China’s cyberspace regulator has ordered app stores to remove Didi Chuxing. This includes Apple’s App Store. Apple in 2016 invested $1 billion in the Chinese ride-sharing firm which was, at the the time, the single largest investment Didi Chuxing had ever received.
The Cyberspace Administration of China announced the ban Sunday, citing serious violations on Didi Global Inc.’s collection and usage of personal information, without elaborating. That unusually swift decision came two days after the regulator said it was starting a cybersecurity review of the company.
That effectively requires the largest app stores in China, operated by the likes of Apple Inc. and smartphone makers Huawei Technologies Co. and Xiaomi Corp., to strike Didi from their offerings.

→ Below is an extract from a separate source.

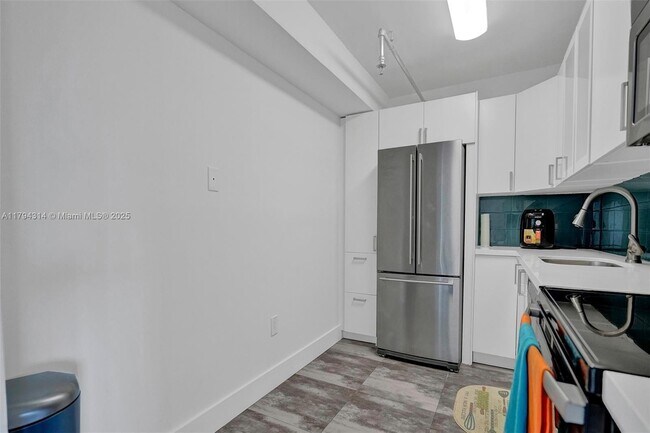 Building Photo - 20515 E Country Club Dr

But the current half-billion or so users can continue to order up rides and other services so long as they downloaded the app before Sunday’s order…
Beijing has been curbing the growing influence of China’s largest internet corporations, widening an effort to tighten the ownership and handling of troves of information that online powerhouses from Alibaba Group Holding Ltd. to Tencent and Didi scoop up daily from hundreds of millions of users. The regulator on Sunday ordered Didi to rectify its problems following legal requirements and national standards, and take steps to protect the personal information of its users.
MacDailyNews Take: As if anybody in China not named Xi Jinping (and likely not even him) has any private personal information.